Exercise directions: Gather all lines in the entries that include the word "Black".

Data:
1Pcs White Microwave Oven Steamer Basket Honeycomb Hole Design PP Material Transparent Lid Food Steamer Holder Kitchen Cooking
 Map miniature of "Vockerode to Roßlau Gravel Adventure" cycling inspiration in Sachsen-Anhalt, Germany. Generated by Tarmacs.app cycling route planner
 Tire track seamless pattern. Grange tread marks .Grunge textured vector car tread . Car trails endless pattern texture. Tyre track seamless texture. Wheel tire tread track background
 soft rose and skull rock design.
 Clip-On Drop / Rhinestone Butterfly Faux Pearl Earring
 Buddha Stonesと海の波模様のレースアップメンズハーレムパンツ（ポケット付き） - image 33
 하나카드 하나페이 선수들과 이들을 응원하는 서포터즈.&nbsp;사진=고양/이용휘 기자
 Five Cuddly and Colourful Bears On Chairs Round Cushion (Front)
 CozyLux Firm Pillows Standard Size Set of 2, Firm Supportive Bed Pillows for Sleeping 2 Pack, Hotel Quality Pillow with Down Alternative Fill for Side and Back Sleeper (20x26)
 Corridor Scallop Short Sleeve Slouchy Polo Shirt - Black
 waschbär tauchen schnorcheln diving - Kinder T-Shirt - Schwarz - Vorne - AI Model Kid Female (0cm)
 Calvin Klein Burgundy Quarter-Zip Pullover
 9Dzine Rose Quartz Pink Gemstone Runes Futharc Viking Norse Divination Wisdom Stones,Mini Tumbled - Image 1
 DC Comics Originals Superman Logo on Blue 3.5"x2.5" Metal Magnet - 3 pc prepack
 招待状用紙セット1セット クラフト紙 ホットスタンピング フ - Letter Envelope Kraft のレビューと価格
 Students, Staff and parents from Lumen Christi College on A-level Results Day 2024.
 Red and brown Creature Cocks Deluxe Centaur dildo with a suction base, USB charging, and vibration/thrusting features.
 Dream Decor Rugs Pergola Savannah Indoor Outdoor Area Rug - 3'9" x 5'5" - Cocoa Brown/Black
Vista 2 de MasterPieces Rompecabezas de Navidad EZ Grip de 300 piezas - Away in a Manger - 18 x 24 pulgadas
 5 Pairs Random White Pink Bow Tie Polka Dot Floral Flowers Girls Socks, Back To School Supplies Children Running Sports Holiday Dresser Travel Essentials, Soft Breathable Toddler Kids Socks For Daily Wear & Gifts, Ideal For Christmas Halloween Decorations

Answer space:
 Corridor Scallop Short Sleeve Slouchy Polo Shirt - Black
 Dream Decor Rugs Pergola Savannah Indoor Outdoor Area Rug - 3'9" x 5'5" - Cocoa Brown/Black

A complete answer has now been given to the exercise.